● Exercise
Where the listing below reaches the line containing "Stunning 3br In Prime Location Apartment *", start writing out lines exactly, and stop once the line containing "Sjarmerende enebolig 6" has been written.

─── Recorded information

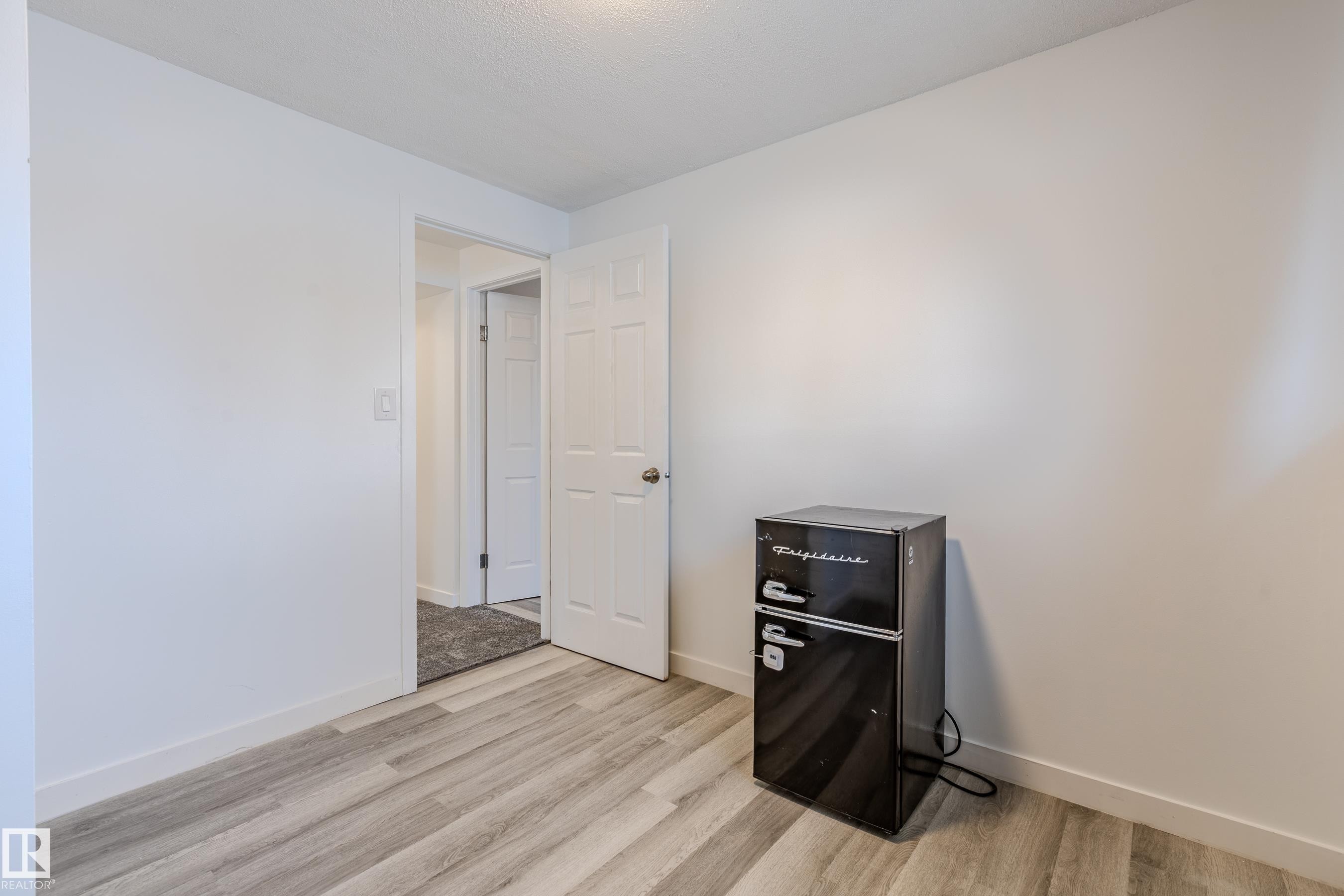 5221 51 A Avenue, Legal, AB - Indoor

──────
─── Recorded information

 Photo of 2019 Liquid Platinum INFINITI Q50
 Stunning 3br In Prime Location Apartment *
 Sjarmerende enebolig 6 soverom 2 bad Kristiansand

──────

● Answer below
 Stunning 3br In Prime Location Apartment *
 Sjarmerende enebolig 6 soverom 2 bad Kristiansand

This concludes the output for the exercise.